Type out the data again. Keep every line exactly the same.

Given data.
/---

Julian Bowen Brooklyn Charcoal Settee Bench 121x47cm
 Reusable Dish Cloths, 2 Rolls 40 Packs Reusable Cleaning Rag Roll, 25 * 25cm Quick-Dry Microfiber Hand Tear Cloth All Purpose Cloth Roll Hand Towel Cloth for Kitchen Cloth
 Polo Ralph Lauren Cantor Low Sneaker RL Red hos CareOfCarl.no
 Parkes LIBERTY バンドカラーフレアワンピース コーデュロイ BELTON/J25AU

\---

Response to this exercise.
Julian Bowen Brooklyn Charcoal Settee Bench 121x47cm
 Reusable Dish Cloths, 2 Rolls 40 Packs Reusable Cleaning Rag Roll, 25 * 25cm Quick-Dry Microfiber Hand Tear Cloth All Purpose Cloth Roll Hand Towel Cloth for Kitchen Cloth
 Polo Ralph Lauren Cantor Low Sneaker RL Red hos CareOfCarl.no
 Parkes LIBERTY バンドカラーフレアワンピース コーデュロイ BELTON/J25AU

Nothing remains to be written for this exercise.